但是眼前這個魂魄嘛!倆鬼同時無奈搖頭,實在是不簡單啊!從來都沒有哪個魂敢這麽對待他們兄弟倆的,他們兄弟倆,雖然在陰司裏算不是什麽高幹子弟,但在陽間那也是談之色變,令人無限生畏的主啊!
可眼前這個女人怎麽就那麽不怕他們呢?不僅不怕,而且是相當的鄙夷不屑和輕視。倆鬼忽然覺得心裏有些不舒服,當了這麽多年勾魂使者,還從來沒有哪隻魂魄敢這麽對他們不敬的。
倆鬼心裏犯著嘀咕,我們還就真不信我們堂堂陰司勾魂使者,還鬥不過你這麽一個勾錯了的小小魂魄?

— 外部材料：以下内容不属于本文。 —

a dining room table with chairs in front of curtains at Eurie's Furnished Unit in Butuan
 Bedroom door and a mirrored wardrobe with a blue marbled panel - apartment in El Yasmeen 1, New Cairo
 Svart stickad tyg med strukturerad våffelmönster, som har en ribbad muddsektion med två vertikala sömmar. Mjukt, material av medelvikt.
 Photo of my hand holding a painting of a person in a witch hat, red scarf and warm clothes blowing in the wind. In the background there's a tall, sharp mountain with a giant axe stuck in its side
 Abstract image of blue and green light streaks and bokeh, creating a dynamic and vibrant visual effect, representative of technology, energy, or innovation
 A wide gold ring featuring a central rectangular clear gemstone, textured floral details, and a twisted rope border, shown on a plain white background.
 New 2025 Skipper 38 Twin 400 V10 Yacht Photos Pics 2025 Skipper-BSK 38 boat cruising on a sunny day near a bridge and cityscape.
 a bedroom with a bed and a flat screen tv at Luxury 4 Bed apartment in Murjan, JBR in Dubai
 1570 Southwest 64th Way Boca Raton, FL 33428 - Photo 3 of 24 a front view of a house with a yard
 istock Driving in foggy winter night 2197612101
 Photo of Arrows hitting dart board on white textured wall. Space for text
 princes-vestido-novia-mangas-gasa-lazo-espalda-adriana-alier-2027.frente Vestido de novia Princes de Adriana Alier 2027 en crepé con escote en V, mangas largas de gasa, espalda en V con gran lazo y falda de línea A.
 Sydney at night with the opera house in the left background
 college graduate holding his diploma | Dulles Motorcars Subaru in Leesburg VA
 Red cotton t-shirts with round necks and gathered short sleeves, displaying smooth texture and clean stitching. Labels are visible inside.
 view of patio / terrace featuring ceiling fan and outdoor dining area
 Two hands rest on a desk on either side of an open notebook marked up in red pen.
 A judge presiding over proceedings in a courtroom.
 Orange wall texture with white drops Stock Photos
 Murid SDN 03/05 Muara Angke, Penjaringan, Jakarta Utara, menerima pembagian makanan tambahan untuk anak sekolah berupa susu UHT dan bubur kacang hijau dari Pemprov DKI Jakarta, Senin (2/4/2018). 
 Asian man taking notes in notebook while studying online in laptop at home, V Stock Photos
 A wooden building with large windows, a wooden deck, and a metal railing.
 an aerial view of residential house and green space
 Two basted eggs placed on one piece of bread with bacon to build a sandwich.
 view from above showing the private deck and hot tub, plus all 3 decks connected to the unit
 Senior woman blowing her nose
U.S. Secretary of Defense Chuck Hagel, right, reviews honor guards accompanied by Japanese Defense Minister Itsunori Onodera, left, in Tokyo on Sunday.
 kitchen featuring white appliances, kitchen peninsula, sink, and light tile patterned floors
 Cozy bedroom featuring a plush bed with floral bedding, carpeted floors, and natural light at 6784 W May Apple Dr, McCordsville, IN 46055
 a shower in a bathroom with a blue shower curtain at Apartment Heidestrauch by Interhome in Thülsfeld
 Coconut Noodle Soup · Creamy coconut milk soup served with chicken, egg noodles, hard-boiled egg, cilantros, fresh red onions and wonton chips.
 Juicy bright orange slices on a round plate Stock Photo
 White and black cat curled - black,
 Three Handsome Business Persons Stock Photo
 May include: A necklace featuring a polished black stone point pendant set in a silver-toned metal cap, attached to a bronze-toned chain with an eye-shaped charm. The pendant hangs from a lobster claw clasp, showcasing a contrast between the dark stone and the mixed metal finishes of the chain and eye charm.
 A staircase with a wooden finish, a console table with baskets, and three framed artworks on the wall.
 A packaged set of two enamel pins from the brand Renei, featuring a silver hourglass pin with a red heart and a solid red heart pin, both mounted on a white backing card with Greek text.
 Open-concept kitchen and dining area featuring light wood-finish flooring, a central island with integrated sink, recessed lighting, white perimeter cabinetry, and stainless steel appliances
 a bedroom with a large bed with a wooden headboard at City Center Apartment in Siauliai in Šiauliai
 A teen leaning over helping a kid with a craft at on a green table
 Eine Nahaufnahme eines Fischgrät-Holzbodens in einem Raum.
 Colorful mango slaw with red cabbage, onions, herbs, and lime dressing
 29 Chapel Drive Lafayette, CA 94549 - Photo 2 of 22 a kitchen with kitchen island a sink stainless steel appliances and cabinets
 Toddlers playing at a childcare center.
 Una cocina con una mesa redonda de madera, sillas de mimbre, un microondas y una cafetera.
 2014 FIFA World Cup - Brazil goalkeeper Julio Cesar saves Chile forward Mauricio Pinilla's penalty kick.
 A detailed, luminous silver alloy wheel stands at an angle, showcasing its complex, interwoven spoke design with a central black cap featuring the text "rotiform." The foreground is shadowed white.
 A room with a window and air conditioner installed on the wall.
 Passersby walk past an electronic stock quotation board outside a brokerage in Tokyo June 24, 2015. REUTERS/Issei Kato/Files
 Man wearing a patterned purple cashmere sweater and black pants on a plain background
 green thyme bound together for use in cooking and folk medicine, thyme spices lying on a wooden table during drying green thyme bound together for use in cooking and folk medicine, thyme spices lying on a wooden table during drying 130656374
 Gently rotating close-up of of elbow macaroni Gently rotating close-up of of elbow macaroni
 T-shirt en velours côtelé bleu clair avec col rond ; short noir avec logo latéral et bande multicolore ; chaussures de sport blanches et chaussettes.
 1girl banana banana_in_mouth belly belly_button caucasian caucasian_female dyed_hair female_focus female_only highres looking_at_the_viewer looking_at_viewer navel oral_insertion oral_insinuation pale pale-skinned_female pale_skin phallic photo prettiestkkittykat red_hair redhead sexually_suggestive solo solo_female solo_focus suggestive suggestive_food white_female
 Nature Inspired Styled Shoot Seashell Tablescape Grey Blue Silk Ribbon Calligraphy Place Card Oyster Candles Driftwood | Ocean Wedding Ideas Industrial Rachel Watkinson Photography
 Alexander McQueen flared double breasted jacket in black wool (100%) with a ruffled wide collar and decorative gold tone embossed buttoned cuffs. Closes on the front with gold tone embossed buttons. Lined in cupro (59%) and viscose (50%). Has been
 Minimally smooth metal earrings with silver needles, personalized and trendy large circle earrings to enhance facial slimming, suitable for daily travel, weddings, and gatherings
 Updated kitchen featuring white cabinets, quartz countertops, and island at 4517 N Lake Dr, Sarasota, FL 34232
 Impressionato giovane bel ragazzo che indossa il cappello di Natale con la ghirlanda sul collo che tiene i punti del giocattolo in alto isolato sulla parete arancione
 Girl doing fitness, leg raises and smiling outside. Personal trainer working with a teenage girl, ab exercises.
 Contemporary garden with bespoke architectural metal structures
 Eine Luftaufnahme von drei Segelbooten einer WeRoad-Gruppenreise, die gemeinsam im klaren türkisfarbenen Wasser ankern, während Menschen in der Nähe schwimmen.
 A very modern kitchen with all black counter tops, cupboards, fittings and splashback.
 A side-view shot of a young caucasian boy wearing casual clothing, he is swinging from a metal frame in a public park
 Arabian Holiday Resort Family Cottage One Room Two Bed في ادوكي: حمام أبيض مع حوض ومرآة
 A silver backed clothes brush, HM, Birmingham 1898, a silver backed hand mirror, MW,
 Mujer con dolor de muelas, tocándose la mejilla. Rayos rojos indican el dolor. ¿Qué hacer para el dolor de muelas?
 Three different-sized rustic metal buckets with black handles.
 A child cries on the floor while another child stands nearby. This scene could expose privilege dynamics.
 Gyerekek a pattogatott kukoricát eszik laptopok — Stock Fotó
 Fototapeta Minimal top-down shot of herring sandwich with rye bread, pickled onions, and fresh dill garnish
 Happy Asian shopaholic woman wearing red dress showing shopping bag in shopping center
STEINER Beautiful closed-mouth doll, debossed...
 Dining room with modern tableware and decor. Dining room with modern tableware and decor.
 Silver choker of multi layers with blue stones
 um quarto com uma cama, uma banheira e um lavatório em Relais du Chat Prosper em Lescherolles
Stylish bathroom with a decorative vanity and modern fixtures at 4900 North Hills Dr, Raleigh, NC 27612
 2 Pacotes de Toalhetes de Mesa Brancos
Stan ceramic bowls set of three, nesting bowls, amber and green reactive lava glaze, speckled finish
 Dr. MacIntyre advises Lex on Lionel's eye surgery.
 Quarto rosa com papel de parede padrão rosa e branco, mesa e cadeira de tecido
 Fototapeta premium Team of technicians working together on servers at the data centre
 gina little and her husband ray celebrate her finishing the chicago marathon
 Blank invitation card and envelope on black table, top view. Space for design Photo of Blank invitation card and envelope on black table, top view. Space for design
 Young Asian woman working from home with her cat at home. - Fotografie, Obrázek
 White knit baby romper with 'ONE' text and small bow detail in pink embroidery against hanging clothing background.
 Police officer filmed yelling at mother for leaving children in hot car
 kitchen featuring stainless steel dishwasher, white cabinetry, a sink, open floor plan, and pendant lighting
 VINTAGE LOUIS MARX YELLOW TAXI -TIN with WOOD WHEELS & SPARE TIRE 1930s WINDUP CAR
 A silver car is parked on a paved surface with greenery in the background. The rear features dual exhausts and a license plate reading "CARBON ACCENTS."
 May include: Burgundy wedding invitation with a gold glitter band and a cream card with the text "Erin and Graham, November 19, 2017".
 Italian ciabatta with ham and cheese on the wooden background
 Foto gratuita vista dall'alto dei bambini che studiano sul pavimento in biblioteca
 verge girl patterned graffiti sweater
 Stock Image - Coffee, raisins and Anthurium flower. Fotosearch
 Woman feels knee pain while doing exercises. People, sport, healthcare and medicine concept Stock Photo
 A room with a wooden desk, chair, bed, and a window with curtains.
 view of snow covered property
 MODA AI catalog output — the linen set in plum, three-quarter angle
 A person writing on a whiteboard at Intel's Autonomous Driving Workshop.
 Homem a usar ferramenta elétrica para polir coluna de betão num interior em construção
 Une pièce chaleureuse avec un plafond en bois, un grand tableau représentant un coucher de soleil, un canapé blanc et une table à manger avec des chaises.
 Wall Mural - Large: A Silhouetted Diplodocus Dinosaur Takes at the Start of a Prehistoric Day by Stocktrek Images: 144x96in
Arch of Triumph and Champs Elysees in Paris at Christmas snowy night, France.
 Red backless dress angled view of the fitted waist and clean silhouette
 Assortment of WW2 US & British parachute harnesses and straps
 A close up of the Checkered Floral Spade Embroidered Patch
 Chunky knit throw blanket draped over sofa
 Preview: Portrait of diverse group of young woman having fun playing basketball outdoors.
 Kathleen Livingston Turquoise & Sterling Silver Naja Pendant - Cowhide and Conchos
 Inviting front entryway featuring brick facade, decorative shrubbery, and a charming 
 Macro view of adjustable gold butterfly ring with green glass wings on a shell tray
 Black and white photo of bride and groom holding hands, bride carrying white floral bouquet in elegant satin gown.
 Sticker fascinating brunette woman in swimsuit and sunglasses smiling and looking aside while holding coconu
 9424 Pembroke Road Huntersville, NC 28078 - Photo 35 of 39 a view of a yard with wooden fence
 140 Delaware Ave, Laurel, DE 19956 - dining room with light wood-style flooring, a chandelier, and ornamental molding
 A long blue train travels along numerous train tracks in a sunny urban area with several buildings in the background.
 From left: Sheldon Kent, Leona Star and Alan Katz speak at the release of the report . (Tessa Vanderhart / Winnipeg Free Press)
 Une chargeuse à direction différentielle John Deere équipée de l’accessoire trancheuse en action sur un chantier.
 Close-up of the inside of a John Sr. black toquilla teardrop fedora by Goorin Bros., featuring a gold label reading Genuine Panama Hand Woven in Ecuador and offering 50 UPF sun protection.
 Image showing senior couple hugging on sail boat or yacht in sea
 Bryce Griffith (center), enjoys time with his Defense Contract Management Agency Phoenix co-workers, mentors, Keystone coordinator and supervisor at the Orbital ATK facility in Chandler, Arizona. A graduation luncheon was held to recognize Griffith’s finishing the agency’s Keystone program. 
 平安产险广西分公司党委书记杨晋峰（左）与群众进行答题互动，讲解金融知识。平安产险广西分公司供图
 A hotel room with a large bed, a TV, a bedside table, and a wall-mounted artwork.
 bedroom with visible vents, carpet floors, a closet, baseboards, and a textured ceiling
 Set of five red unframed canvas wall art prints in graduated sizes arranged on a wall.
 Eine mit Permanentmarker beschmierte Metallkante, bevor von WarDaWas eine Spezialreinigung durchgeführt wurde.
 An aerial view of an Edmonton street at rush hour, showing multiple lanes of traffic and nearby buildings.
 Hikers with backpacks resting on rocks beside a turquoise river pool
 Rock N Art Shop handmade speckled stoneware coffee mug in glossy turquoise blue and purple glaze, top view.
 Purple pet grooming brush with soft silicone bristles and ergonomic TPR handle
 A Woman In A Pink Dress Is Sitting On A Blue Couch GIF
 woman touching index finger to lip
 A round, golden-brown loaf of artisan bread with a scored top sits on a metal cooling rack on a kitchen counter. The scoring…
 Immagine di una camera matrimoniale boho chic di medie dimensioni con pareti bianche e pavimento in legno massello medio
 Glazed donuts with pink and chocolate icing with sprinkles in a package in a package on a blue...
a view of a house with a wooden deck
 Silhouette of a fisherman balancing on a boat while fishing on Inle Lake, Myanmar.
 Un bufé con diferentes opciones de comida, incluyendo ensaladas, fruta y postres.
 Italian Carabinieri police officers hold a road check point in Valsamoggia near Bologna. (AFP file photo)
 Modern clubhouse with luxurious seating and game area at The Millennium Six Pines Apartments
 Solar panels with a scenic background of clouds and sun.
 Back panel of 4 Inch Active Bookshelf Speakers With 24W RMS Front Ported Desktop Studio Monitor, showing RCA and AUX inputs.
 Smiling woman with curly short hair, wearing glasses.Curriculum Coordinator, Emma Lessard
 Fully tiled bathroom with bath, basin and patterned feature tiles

這樣想著,倆鬼竟然不約而同地陰慘慘地笑了起來。黑白無常本就長相嚇人,此刻他們兩個有意這樣恐怖地笑著來嚇尤霧,自然是用了十成的功力。隻見倆鬼臉上肌肉僵硬,嘴角偏又硬生生地扯出一個極大的弧度。兩張嘴越笑越大,越笑越大,最後竟然無限地擴大,生生覆蓋了整張臉。
於是乎,倆鬼東西的臉上到最後已經不見了鼻子眼睛,就隻剩下了兩張血盆大口,裏麵流動著腥臭的血液,蠕動著黑色的小蟲,還往下滴著惡心的白濁**。
尤霧目不轉睛地看著,片刻之後,捧腹大笑。
這尤姑娘笑得那叫一個慘絕人寰天崩地裂啊,笑得眼淚直流,口水直淌。彎了腰伏在地上,半晌沒有爬起來。
“啊哈哈哈哈哈哈!就你們倆那小樣還想嚇著姑娘我?這麽小兒科的東西,我就勉為其難當喜劇看了吧!啊哈哈哈哈哈……”
看著趴在地上笑得快要抽過去的尤美人,倆鬼憂鬱了。
恢複原形後,白無常不恥下問道:“真有那麽差嗎?”
尤霧費了半天力氣,終於從地上爬了起來,抬手擦了擦眼淚又擦了擦口水,鄭重地清了清嗓子,“你們倆……看過喪屍片嗎?”
兄弟倆對望一眼,然後很有節奏感地猛地搖頭。